Tout d‘abord, ce retour à l’humain intervient, parce que la société horizontale que nous venons d‘évoquer, et qui va se renforcer avec l’Intelligence Artificielle, encourage, au sein des organisations et des entreprises, le passage, je vais le dire comme cela, de relations d’ordre, c’est-à-dire de relations verticales, hiérarchiques, pyramidales, fondées sur des rapports de forces, à des relations d’équivalence, c‘est-à-dire des relations, fluides, ouvertes, symétriques, fondées sur des rapports de flux, de collaboration et de partage, ou l‘humain est le point d’attention.
Par ailleurs, cette société horizontale dont nous parlons, place de plus en plus en son centre deux valeurs fondamentales, deux valeurs cardinales : la bienveillance et la fraternité, vous le savez, deux termes encore inhabituels dans la culture des entreprises.
Ces deux valeurs sont peut-être déjà le choix du cœur pour certains, mais elles seront, à n’en pas douter, le choix de la raison pour le plus grand nombre, car ces deux valeurs qui font l’objet de réflexions, de la part de nombreux philosophes, d’économistes et de chercheurs en toutes disciplines, sont de plus en plus considérées comme des repères concrets et des principes d’action, qui aideront probablement l’humanité à construire le monde de demain.

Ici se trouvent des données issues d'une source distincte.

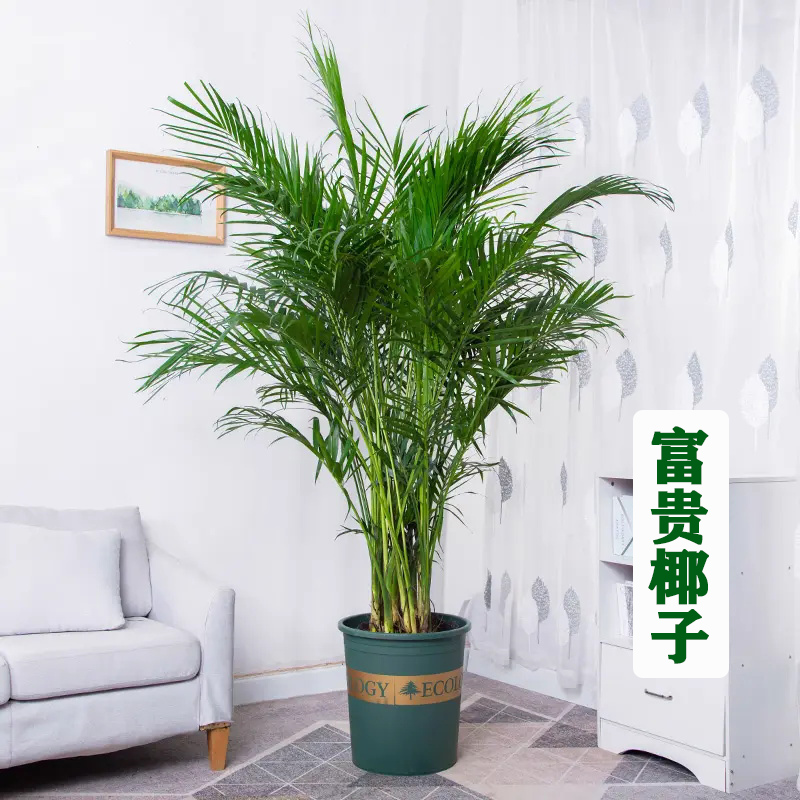 富贵椰子树散尾葵盆栽绿植花卉凤尾竹室内客厅大型植物夏威夷竹子-封面
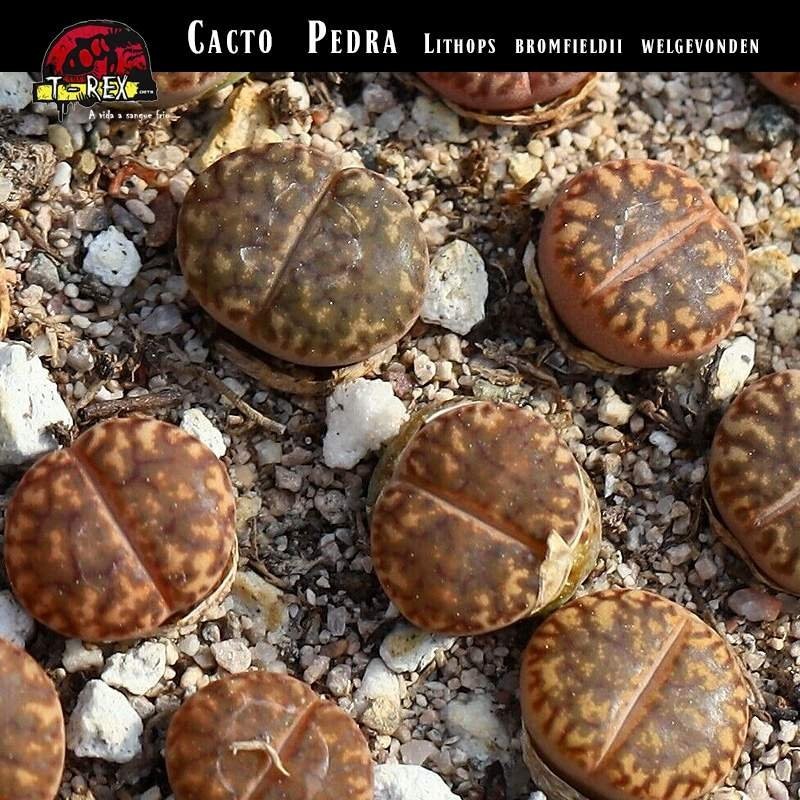 Muda cacto pedra laranjado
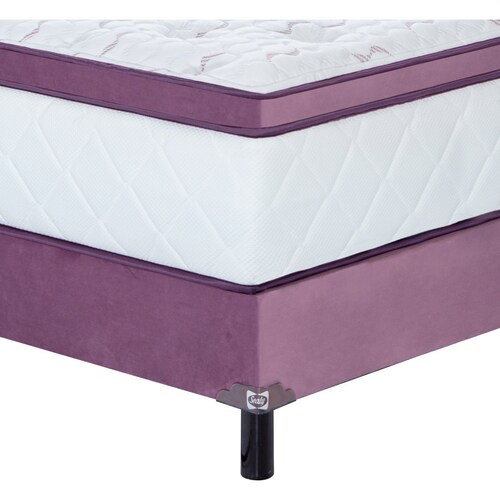 Juego de Colchón Y Box Matrimonial Purple Recovery Sealy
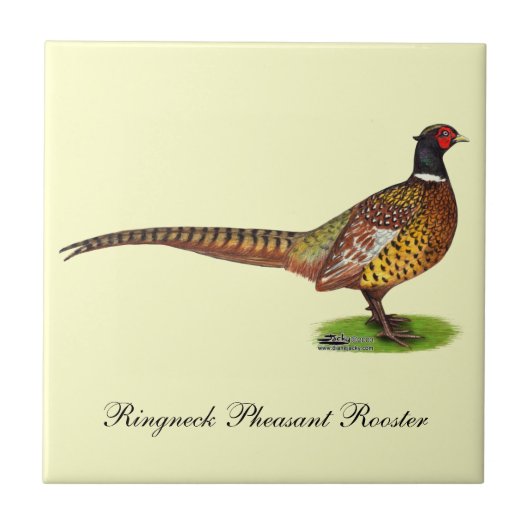 Carreau Ringneck Pheasant Rooster (Devant)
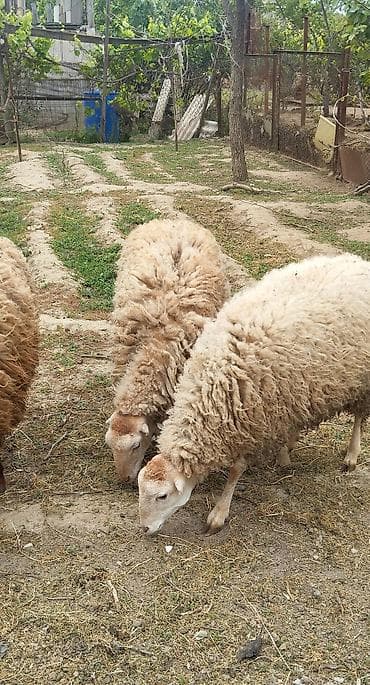 bildircin satisi tap az: Dişi toğlular satilir 11 ayliqdilar tam sağlamdilar.Her biri 350 — 2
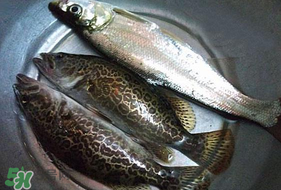 ?3月份可以釣翹嘴嗎？翹嘴幾月份好釣？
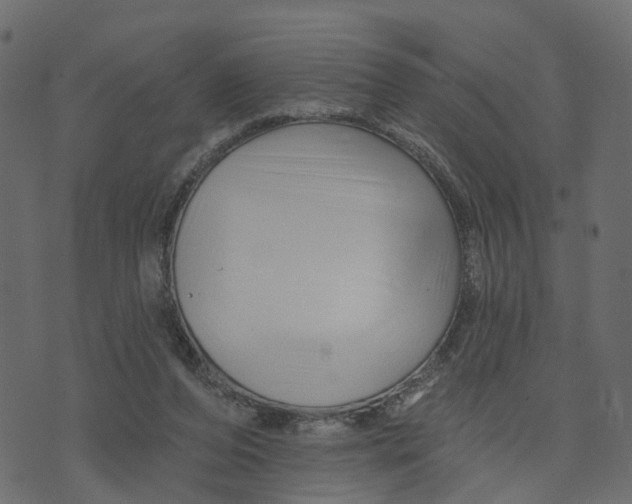 X0000073420208200608251558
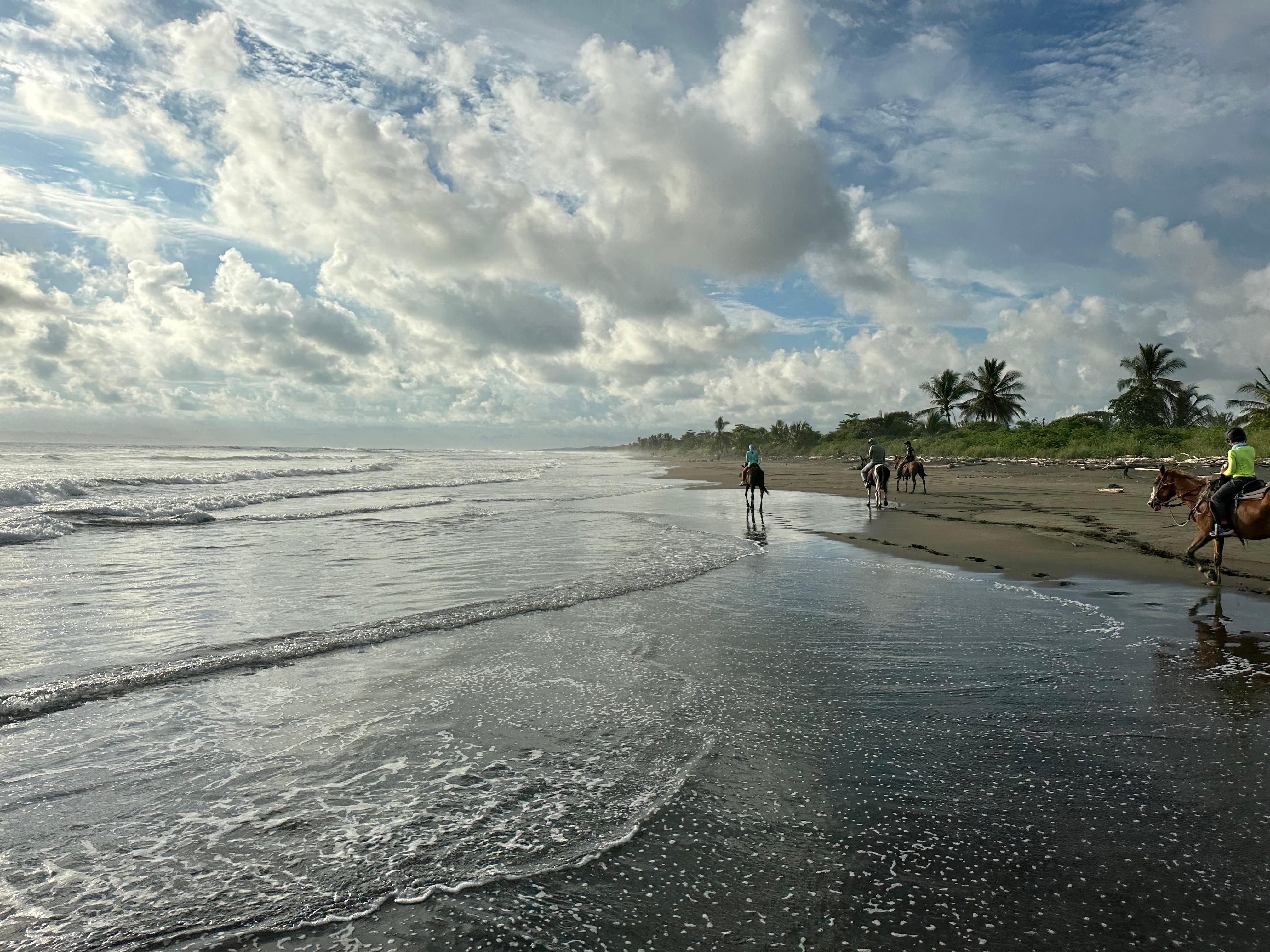 Horse back riding on the beach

On observe aussi un retour vers l‘humain, car très concrètement ces machines que nous avons rapidement décrites nous ressemblent de plus en plus (leur intelligence les rend empathiques et nous touche), obligeant les êtres humains, en retour, par contrecoup, à se demander, ce qui est, ou restera spécifique en eux, au moins dans un futur proche.
Dans les temps à venir, les enjeux et les défis majeurs de notre société se cristalliseront très certainement autour des idées d’humanité et d’humanisme.
Qu’est-ce vraiment que l’humain ? Que restera-t-il vraiment de l‘idée d’humanité dans quelques années ou décennies ?
Nous arrivons là sur des interrogations que l’on ne pensait pas rencontrer il y a quelques mois en débutant cette présentation sur l’Intelligence Artificielle, qui sont les questions liées à l’idée que nous nous faisons tous ensemble de notre condition humaine, et sans doute est-il utile ou nous faut-t-il remonter aux sources de notre culture, pour trouver des repères par rapport à nos questionnements présents et à venir.
Car au fond, si nous disons, comme les anciens Grecs, comme Protagoras, ce philosophe pré-socratique dont vous vous souvenez sans doute, qui a précédé Socrate de quelques années, et qui marque le point de départ de l’idée même d’humanisme, si nous disons que l’Homme est la mesure de toute chose, alors, comment faire, à la lumière des bouleversements que nous venons d’esquisser, pour que l’humain reste présent dans l’Homme ? Et pour que l’Homme reste la mesure de sa propre évolution ?
Voilà, c’est probablement en ces termes qu‘il va falloir penser le monde de demain, pour relever les défis qui se présentent à toutes les échelles -au niveau planétaire, de la société prise dans son ensemble, dans chaque région du monde, dans chaque entreprise, au niveau de chaque individu-, et pour tenter de cheminer tous ensemble, en tant qu’humanité, au cours des prochaines années et décennies.